Ambiguität und vermeintliche Sicherheiten

In der Psychologie gibt es den Begriff der „Ambiguitätstoleranz“. Das bedeutet so viel wie „das Ertragen von Mehrdeutigkeiten“. Unser Leben als Mensch ist von Mehrdeutigkeiten und Unsicherheiten geprägt. Klimawandel, Krieg, gesellschaftliche Umbrüche. Es gibt in unserer überkomplexen Welt zu viele Dinge, um sich bei allem „sicher“ sein zu können und eine klare Meinung zu haben. Während die Frage nach dem Ursprung des Klimawandels nach und nach immer besser geklärt ist, und auch Lösungen immer ersichtlicher werden, sind wir bei der Umsetzung von Lösungswegen mit sehr viel Unsicherheit konfrontiert. Welche Staaten ziehen mit? Auf welche Bündnisse ist Verlass, auf welche nicht?

Zurück zur Küche und dem Gespräch mit meinem Mitbewohner am Spülbecken.
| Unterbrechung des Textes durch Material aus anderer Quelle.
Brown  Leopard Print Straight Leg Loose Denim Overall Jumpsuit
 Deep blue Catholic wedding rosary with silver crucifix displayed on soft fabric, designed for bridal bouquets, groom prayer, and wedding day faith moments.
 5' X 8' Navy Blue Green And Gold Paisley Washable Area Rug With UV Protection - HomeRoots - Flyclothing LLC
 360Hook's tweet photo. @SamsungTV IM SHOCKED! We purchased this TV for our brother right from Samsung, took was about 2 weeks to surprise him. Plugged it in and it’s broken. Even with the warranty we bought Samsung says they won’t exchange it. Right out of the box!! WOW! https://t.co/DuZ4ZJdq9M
Als wir im Themenpotpourri noch voll dabei waren, habe ich natürlich begeistert mein Arte Doku Expertise über die Zukunft der Verbrennermotoren und die Mega Citys in China gedroppt. Meine Catch Phrase ist da manchmal: „Ich habe dazu mal was in ‘ner Doku gesehen“.  Möglich wäre in dem Kontext aber eben auch Folgendes gewesen: „Du ehrlicherweise keine Ahnung – der Klimawandel ist eines der absolut dringendsten und wichtigsten Probleme aktuell. Und es gibt bestimmt Lösungen, aber wie die genau aussehen können oder wie man das umsetzen kann, weiß ich im Moment gerade auch noch nicht so ganz.“

Unsexy, ich weiß. Aber -sofern aufrichtig-, vielleicht zielführender als mein Ansatz im Gespräch vor ein paar Wochen.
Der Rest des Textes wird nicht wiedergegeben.